Safer casts
Yigal Chripun
yigal100 at gmail.com
Tue May 13 01:29:08 PDT 2008
Dee Girl wrote:
>> foo _is_ a delegate. there is no difference: As I explained in a
>> different post, a delegate is simply two pointers where the context
>> pointer either points to the surrounding function for nested
>> functions or to the this pointer for methods.
>
> It is clear what is a delegate. It is pointer to a function and
> pointer to environment. Like in Lisp.
exactly what I've said.
>
> But foo is not delegate. It is nested function. Like in Pascal. If
> you call foo from the same scope there is regular function call. Not
> delegate call! If you take address &foo it becomes delegate. (I just
> checked).

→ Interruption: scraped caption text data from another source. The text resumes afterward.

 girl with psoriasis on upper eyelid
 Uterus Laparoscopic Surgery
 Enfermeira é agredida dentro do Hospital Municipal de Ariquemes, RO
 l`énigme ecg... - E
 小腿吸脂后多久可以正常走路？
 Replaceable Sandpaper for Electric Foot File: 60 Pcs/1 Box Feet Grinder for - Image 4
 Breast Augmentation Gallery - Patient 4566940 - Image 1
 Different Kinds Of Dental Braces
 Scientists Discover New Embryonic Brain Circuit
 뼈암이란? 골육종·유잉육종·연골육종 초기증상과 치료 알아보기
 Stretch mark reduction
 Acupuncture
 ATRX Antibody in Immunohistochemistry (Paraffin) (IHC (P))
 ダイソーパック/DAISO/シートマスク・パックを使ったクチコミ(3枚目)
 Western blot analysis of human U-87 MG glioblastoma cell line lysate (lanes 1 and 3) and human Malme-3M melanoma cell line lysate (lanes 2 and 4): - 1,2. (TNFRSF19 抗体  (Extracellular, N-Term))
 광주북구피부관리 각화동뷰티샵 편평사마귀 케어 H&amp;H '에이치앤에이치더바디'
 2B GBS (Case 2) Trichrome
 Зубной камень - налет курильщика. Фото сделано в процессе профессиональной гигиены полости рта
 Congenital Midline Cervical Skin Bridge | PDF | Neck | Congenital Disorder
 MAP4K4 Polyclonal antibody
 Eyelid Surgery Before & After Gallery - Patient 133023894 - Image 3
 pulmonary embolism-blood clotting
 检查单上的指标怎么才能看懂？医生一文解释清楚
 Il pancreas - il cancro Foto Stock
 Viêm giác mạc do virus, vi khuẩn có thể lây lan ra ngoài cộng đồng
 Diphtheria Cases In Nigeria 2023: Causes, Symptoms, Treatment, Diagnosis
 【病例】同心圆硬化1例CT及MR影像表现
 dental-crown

D has very interesting scheme. I hope Walter writes here
> and confirms. But your explanation is wrong. I hope you are not
> offended. I am sorry, Dee Girl
>
sure. Call it what you like, the point is that you can pass foo to a
function the same way you can pass a class method. so it's a nested
function that is automagically becomes a delegate by the compiler.
the functionality is the same.
for simplicity sake let me call it a delegate. now that we put the
terminology differences aside, we both agree about the behavior of this
D feature.
>From what I know many languages behave exactly like this (turning nested
functions into delegates).
side note: I heard Walter doesn't like anything that looks or smells
like pascal.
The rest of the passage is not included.